AddCommand() を使ったデリゲートによる定義時にも DI できるらしいのですが、なぜかうまく注入されませんでした。

using Microsoft.Extensions.Logging;

var app = ConsoleApp.Create(args);

// app.AddCommand("di", (ILogger logger) =>
// {
//    // "ILogger が解決できず、\"Required parameter "logger" not found in argument.\" と怒られる。"
//    // サンプルではコマンドの第一引数に ConsoleAppContext を受け取っているので真似してみたが変わらず。
// });

app.AddCommands<Commands>();    // Commands クラスのパブリックなメソッドがコマンドとして追加される。
app.Run();

public class Commands : ConsoleAppBase
{
    private readonly ILogger<Commands> logger;

    // コンストラクタでの注入
    public Commands(ILogger<Commands> logger)
    {
        this.logger = logger;
    }

    public void Log()
    {
        logger.LogInformation("log log log");
    }
}

自分で作ったクラスを注入する場合は ConsoleAppBuilder を使用して DI を設定したビルダーから ConsoleApp のインスタンスを作成します。

この辺が Generic Host に乗っかってることで統一的な書き方ができてサイコーですね。

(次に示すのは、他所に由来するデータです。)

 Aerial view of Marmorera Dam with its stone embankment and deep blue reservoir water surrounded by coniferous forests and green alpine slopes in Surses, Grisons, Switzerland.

using Microsoft.Extensions.DependencyInjection;

var builder = ConsoleApp.CreateBuilder(args);

// DI設定
builder.ConfigureServices(service =>
{
    service.AddSingleton<MyService>();
});

var app = builder.Build();
app.AddCommands<Commands>();
app.Run();

public class Commands : ConsoleAppBase
{
    private readonly MyService service;

    public Commands(MyService service)
    {
        this.service = service;
    }

    public async Task Put()
    {
        await service.Execute();
    }
}

public class MyService
{
    public Task Execute()
    {
        Console.WriteLine("DI!!!");
        return Task.CompletedTask;
    }
}

まとめ

なんだか ConsoleAppFramework についての記事みたいになってしまいましたが、.NET 6 の Minimal API によるクラス定義の排除、ConsoleAppFramework による Generic Host サポートとコマンドのルーティングにより C# のコードをとてもシンプルに記述できるようになったことで、これまでは手軽さから PowerShell で書いていたスクリプトも C# で書くことでデバッグ性や高いパフォーマンスを得られるようになるのではないかと思います。